[Data]
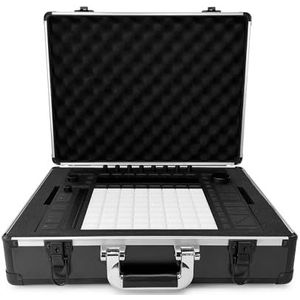 Analoge koffers UNISON koffer voor Ableton Push 2 of soortgelijke controllers (transportkoffer, aluminium hoekbescherming, gecapitonneerd deksel met handvat), zwart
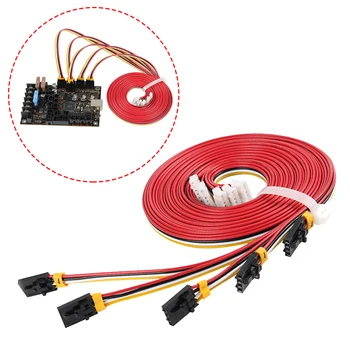 

5pcs 1M Flexible Repair Tool 3D Printer Durable Connection 42 Stepper Motor Cables Home Office Accessories NAMA17 For Rambo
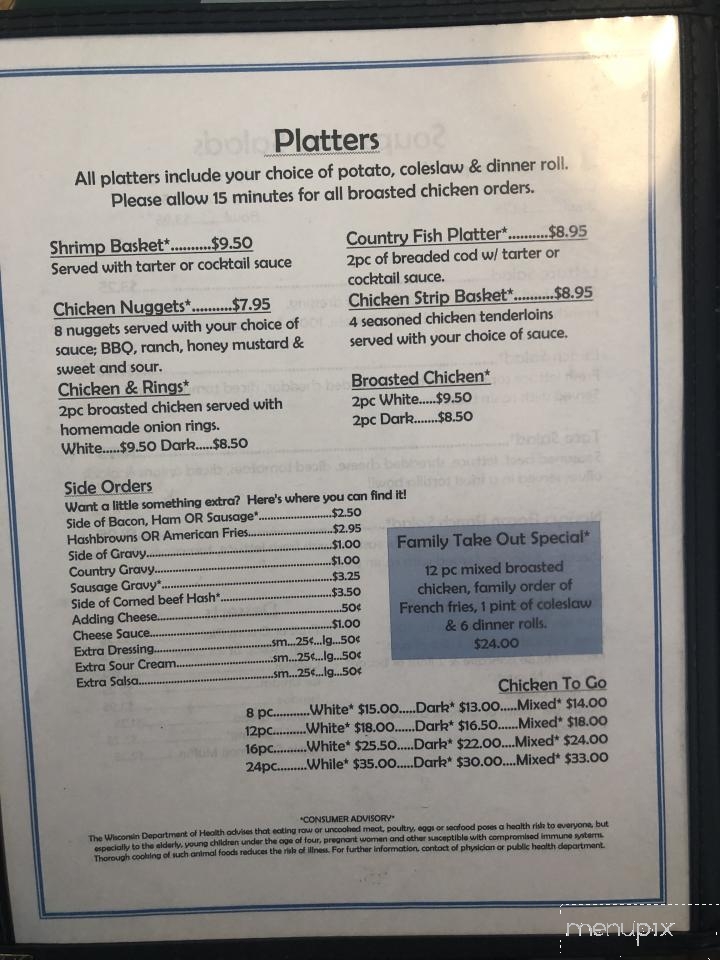 Nancy's Northside Family Rest - Rice Lake, WI menu_pic
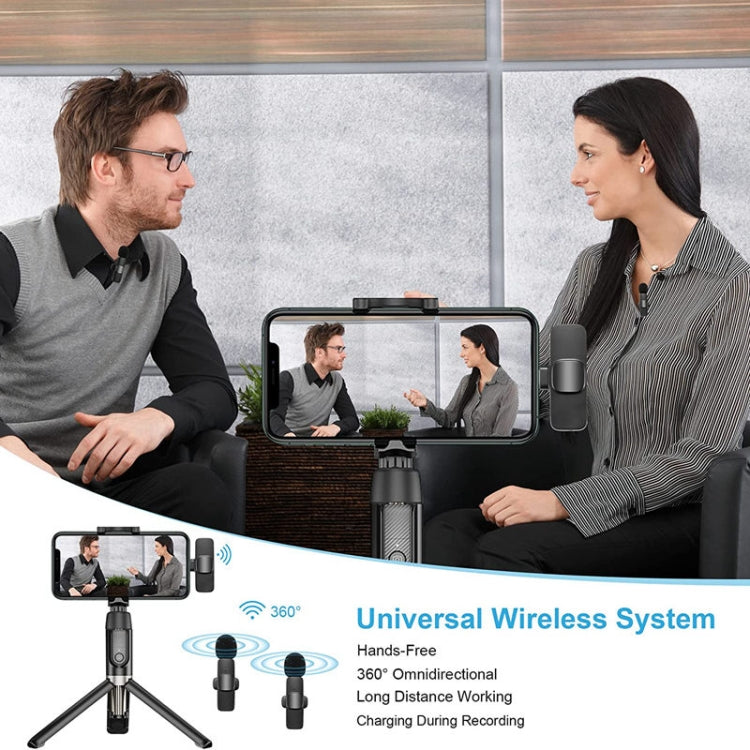 K9 2 in 1 Wireless Clip-on Auto Noise Cancelling Live Mini Microphone, Port: 8 Pin - Microphone by PMC TechLife | Online Shopping South Africa | PMC TechLife | Buy Now Pay Later Mobicred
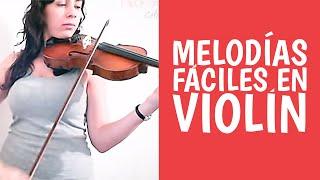 Melodías y Ejercicios en VIOLÍN [Las Mejores Para Principiantes]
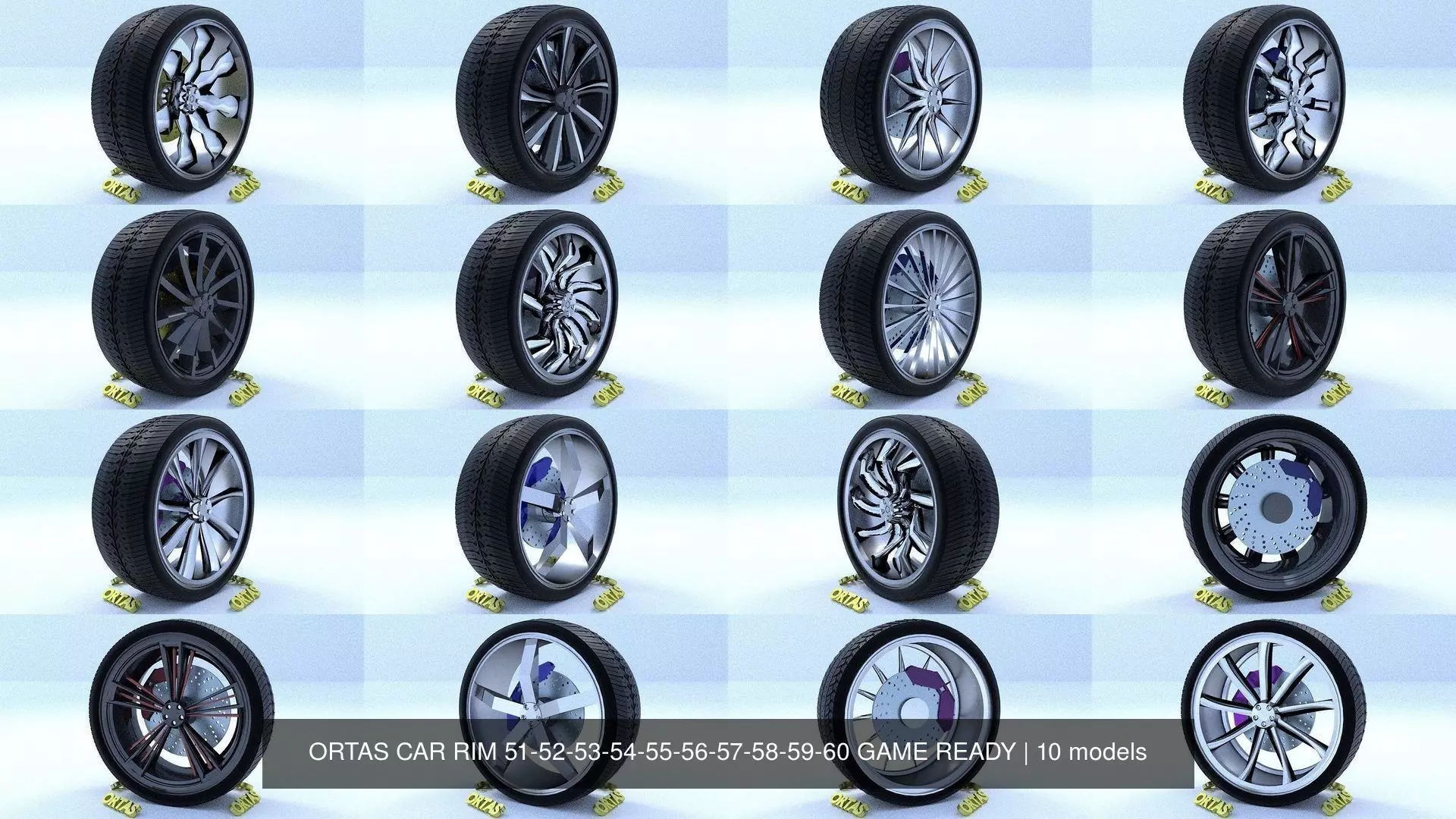 ORTAS CAR RIM 51-52-53-54-55-56-57-58-59-60 GAME READY 3D Model Collection_0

[What to do] Skip the pictures and copy exactly the lines from the one containing "Nancy's Northside Family" through the end of the material, both ends included.

[Output below]
 Nancy's Northside Family Rest - Rice Lake, WI menu_pic
 K9 2 in 1 Wireless Clip-on Auto Noise Cancelling Live Mini Microphone, Port: 8 Pin - Microphone by PMC TechLife | Online Shopping South Africa | PMC TechLife | Buy Now Pay Later Mobicred
 Melodías y Ejercicios en VIOLÍN [Las Mejores Para Principiantes]
 ORTAS CAR RIM 51-52-53-54-55-56-57-58-59-60 GAME READY 3D Model Collection_0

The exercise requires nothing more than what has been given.